▶ _To do_
Write out exactly the lines of the entries below from the one holding "Photo 1 of BANDOLINO" to the one holding "San Christopher Knit Open Green", inclusive, and leave out all other lines.

▶ _Data for this task_
++++++++++++++++++++

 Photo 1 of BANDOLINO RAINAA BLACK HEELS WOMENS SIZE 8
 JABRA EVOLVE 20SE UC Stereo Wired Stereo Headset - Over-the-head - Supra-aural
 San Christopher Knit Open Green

++++++++++++++++++++

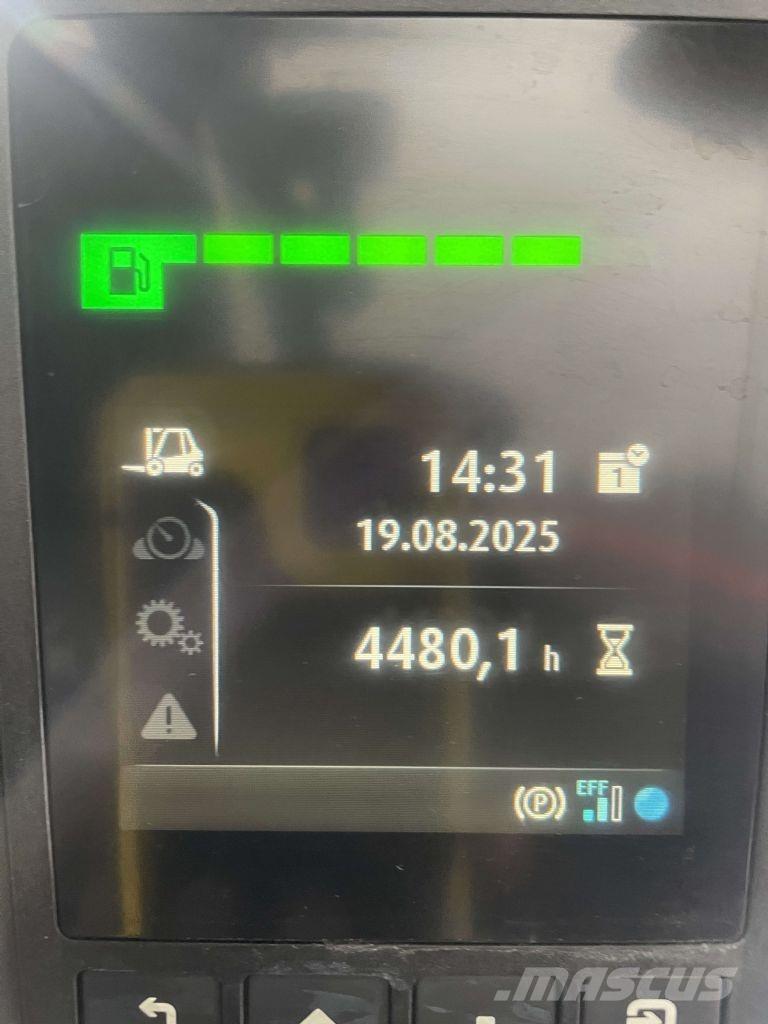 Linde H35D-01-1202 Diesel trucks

++++++++++++++++++++

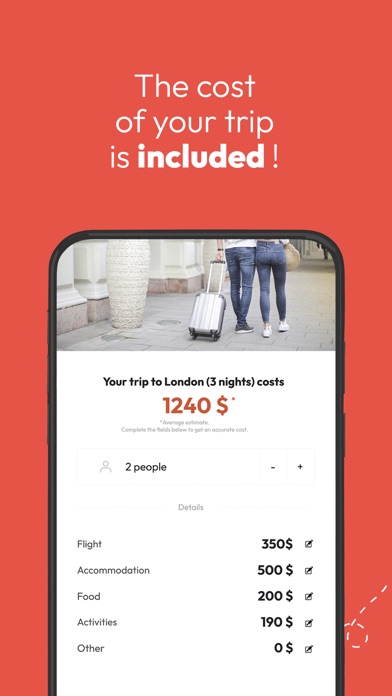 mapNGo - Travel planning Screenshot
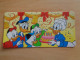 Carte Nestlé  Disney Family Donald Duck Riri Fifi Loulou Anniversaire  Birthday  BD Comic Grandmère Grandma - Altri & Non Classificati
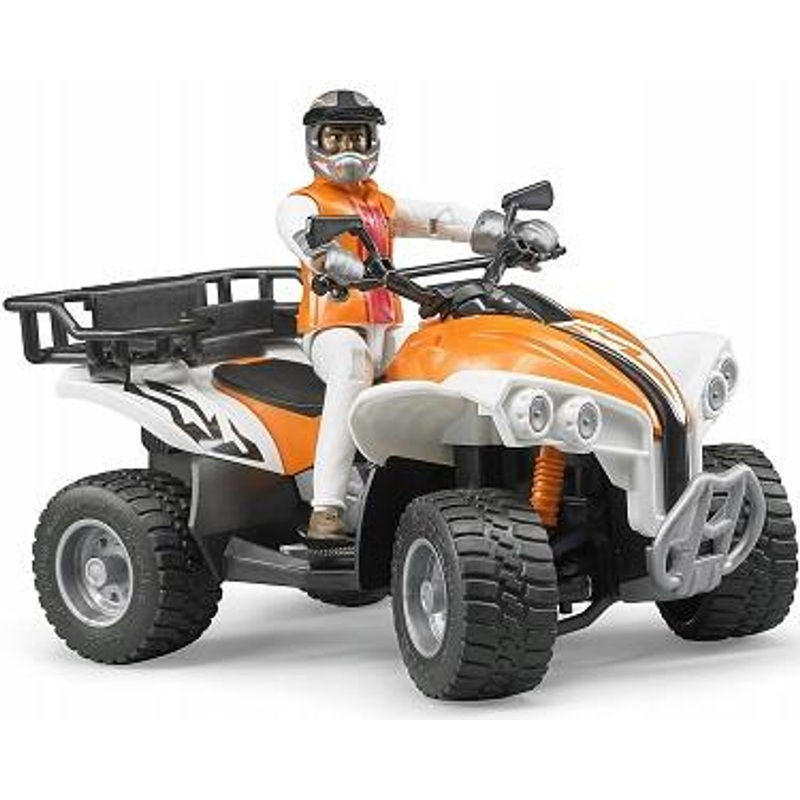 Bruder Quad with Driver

++++++++++++++++++++

▶ _Exercise answer_
 Photo 1 of BANDOLINO RAINAA BLACK HEELS WOMENS SIZE 8
 JABRA EVOLVE 20SE UC Stereo Wired Stereo Headset - Over-the-head - Supra-aural
 San Christopher Knit Open Green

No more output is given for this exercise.